Ces structures, souvent appelées bulles de Fermi et eROSITA, présentent une forme symétrique en forme de ballon qui fait allusion à un événement violent situé au plus profond du passé de la Voie lactée. Pourtant, leur véritable origine reste controversée, les principales théories pointant soit vers une puissante explosion de notre trou noir supermassif central, soit vers un ancien épisode de formation intense d'étoiles.
Une explication convaincante attribue les bulles à un épisode d’accrétion massive de SagittariusA*, le trou noir supermassif qui réside au Centre Galactique. Il y a environ 2,6 millions d’années, il est proposé que le trou noir ait ingéré une quantité substantielle de matière, lançant des jets jumeaux à haute énergie perpendiculairement au plan galactique. Ces jets auraient injecté des rayons cosmiques dans le milieu environnant, gonflant les bulles que nous observons actuellement.
Dans une étude de 2022 publiée dans Nature Astronomy , les chercheurs ont réalisé des simulations numériques intégrant la dynamique gravitationnelle, les flux de gaz interstellaires et la physique des rayons cosmiques.

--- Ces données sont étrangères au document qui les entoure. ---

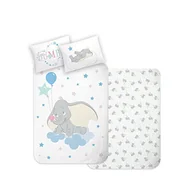 Pościel dla dzieci - Disney Home Dumbo komplet pościeli dziecięcej 100 x 135 cm – poszewka na poduszkę 40 x 60 cm – dwustronny motyw – pościel dziecięca – super miękka bawełna Renforce 100% bawełna, 2-częściowy zestaw - miniaturka - grafika 1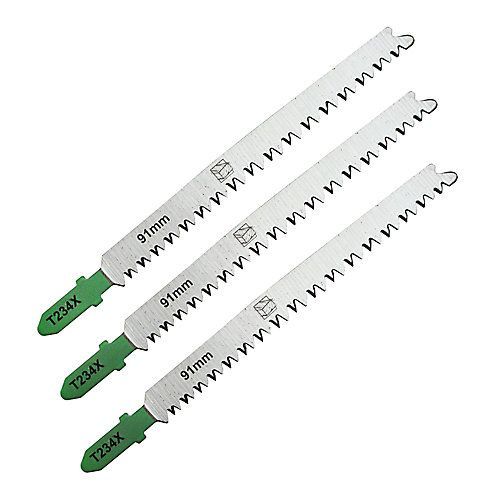 3 lames de scie sauteuse T droite propre Bois moyen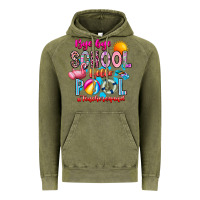 Vintage Olive Bye Bye School Hello Pool Teacher  Squad Vintage Hoodie - CowhideDigitalArt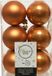 Decoris Kerstballen - 12 stuks - Cognac Bruin - D6 cm - Kunststof - Mat/Glans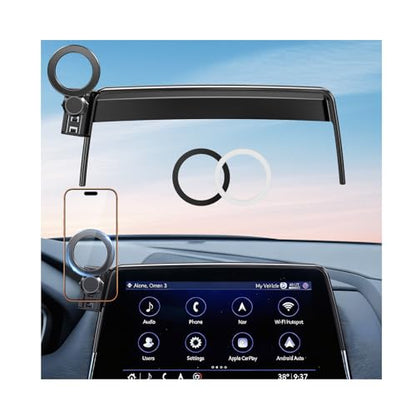 Car Phone Holder for Cadillac CT5 2024 2023 2022 2021 2020 (Only for 10-Inch Screen) 360° Rotation Magnetic Cell Phone Mount, Compatible with Magsafe, Does Not Affect Air Vent - size: Fit for 2020-2024 CT5, 10-Inch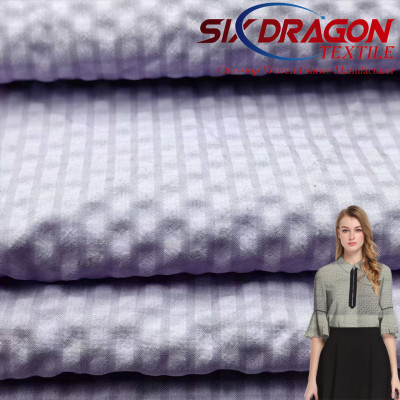 Puff Check 105g Waterproof Shirt Fabric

L'auteur principal, Hsiang-Yi Karen Yang, a expliqué que les jets génèrent des fronts de choc qui propulsent le gaz vers l'extérieur, produisant l'émission de rayons X détectée par eROSITA tout en alimentant simultanément la lueur gamma capturée par Fermi. L'accord étroit entre la morphologie des bulles simulées et les observations réelles apporte un solide soutien au modèle de trou noir et de jet.

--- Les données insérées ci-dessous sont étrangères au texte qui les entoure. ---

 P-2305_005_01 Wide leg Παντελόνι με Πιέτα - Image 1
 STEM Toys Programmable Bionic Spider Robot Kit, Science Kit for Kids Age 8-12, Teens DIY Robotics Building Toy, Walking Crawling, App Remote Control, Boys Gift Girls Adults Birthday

Un scénario alternatif envisage les bulles comme la suite d’une explosion d’étoiles historique – une ère de formation rapide et massive d’étoiles au cœur de la Voie lactée. Lors d’un tel événement, des nuages de gaz denses s’effondrent pour former de nombreuses étoiles de courte durée et de masse élevée. Leurs vents stellaires et leurs explosions de supernova entraîneraient collectivement un puissant vent galactique, creusant les cavités semblables à des bulles observées.
Bien que ce modèle puisse rendre compte de l'énergie globale, des comparaisons récentes de ses prédictions avec les caractéristiques spatiales et spectrales détaillées des bulles ont favorisé le mécanisme du jet de trou noir. Néanmoins, les observations en cours et les simulations affinées continuent de tester les deux hypothèses.
En fin de compte, le véritable moteur des bulles Fermi et eROSITA reste une question ouverte, mais chaque théorie offre des informations précieuses sur les processus dynamiques qui ont façonné notre Galaxie. La poursuite des études multi-longueurs d'onde et les futures missions aideront à percer ce mystère cosmique.